New Brunswick Amends Pension Benefits Act
On May 31, New Brunswick introduced Bill 63, An Act to Amend the Pension Benefits Act, which establishes an optional new program structure available to pension plans registered in New Brunswick. This legislation represents the culmination of the work of the Pension Task Force, appointed in December 2010 to review pensions in New Brunswick, and has the objective of improving the security, sustainability and affordability of the pension system. The new approach is designed to be very transparent while improving the equity among all relevant parties. The following principles guided the work of the Task Force:
- pension plans must be able to pay benefits for members today and for those members who will retire in the future;
- there should be no advantage to retiring before any changes are made to the plan;
- pension amounts earned up to any agreed-upon revisions will not be decreased;
- any changes will be incremental and implemented on a go-forward basis; and
- the plans must be fair to employees at all stages of their career as well as to retirees.
The result of this process was the development of Shared Risk Pension Plans (“SRPs”). SRPs are a unique take on the traditional defined benefit pension plan and are modeled after a design that has been evolving in the Netherlands for over 15 years but with the benefit of several years of experience and extensive stress testing based on current Canadian and global market conditions. In short, a SRP provides a modest initial benefit promise based on career average earnings and no post retirement indexation but is funded at a level where future surpluses are expected to be adequate to pay for substantial inflation adjustments for plan members both before and after retirement. A portion of surpluses generated must be used to enhance benefits for all plan members through inflation adjustments and the balance held in reserve to protect the long term security of the program. Contribution holidays are not allowed unless mandated by the ITA. The contribution rate, benefit level, investment strategy and related aspects of plan operations are subject to a stringent risk management process, including annual valuations. This approach is targeted to achieve the consistency in contribution rates that many plan sponsors find attractive in defined contribution programs while maintaining the high level of benefit security that employee groups typically value in more traditional defined benefit programs. Key aspects of SRPs include:
- Shared contribution – known in advance
- Clear funding guidelines – clear rules detailing how funding levels are established
- Sound investment policy – focused more on security and less on “chasing returns”
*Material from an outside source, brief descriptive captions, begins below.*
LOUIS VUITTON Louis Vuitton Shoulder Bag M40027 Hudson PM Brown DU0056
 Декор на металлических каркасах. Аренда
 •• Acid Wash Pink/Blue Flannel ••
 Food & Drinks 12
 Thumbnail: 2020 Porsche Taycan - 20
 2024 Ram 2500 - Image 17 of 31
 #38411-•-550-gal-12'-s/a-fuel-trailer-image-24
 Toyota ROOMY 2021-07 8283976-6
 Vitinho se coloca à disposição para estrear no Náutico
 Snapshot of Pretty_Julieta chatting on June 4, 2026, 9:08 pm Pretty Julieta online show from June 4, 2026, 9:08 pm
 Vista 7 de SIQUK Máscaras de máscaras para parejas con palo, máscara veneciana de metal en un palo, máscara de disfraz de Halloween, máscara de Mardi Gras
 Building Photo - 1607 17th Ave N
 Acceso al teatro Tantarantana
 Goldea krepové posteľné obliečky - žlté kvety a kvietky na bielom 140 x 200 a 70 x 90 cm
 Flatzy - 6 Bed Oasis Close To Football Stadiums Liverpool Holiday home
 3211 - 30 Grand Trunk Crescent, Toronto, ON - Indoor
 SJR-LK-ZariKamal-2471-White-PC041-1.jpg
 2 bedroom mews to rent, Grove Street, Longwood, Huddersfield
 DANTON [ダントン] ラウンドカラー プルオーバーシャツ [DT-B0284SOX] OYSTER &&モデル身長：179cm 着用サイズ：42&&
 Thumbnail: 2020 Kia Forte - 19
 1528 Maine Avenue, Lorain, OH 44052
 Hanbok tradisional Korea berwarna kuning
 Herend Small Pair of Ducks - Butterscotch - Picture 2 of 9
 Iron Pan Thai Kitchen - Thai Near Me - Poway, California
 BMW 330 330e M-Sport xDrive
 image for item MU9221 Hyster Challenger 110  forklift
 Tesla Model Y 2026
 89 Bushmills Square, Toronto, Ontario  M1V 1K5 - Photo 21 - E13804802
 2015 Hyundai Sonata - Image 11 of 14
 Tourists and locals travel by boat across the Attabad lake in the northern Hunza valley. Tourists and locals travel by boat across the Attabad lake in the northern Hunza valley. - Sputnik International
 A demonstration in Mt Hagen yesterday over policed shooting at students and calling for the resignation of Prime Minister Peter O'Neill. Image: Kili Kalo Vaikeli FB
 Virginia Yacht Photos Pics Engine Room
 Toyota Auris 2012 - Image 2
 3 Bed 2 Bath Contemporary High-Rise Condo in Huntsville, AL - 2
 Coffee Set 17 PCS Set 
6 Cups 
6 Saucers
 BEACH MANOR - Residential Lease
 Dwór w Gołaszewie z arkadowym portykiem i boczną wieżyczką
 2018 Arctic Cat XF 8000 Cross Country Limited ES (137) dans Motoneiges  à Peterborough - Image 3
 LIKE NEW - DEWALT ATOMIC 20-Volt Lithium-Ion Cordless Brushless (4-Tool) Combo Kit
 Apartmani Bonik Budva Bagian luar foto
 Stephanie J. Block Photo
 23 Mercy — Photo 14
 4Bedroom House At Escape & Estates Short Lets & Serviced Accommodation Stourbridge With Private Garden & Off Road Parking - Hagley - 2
- Robust risk management – high probability (75%+) that targeted goals for inflation enhancement of benefits will be achieved and very low probability of benefit reduction (<2.5%)
- Clear disclosure to members – the “pension deal” is explicit and false promises are avoided
- Managed by independent board of trustees – independent operation within rules set when plan is established
The legislation permits both public and private sector programs to adopt the SRP model, subject to satisfying minimum criteria including demonstration that the program fulfills the guidelines for a high probability of success and a very low likelihood of the funded position deteriorating to the point where benefit reductions are required to protect the program’s financial security. There is also a specialized termination benefit calculation targeted to maintain equity between members who leave and those that remain in the SRP.
It should be noted that the conversion to the SRP model also includes benefits payable in respect of past service, including existing retiree pensions. Thus existing pensions which have indexing “guarantees” can be converted to a SRP under which future indexing of all pensions is conditional on the plan’s funded status. This is a unique approach as most other jurisdictions have treated all benefits in respect of past service (including future indexing for inflation) as crystallized and have required that any rebalancing of program costs be achieved by amending only future service accruals or contribution rates. An exception to this is Nova Scotia Public Service Superannuation Plan which was amended in 2010 to make all indexing after 2015 (including existing pensions in pay) conditional on the plan’s funded status and was further revised earlier this year to implement a jointly trusteed target benefit design.
Four unions representing New Brunswick public sector employees plus one private sector program were heavily involved in the consultation process leading to the SRP design and have already signed on to convert their plans to the SRP model. The NB Government has announced that it is their intention to engage in similar consultations with the balance of public sector employees in the province.
Regulations spelling out details regarding the operation of SRPs have not yet been released.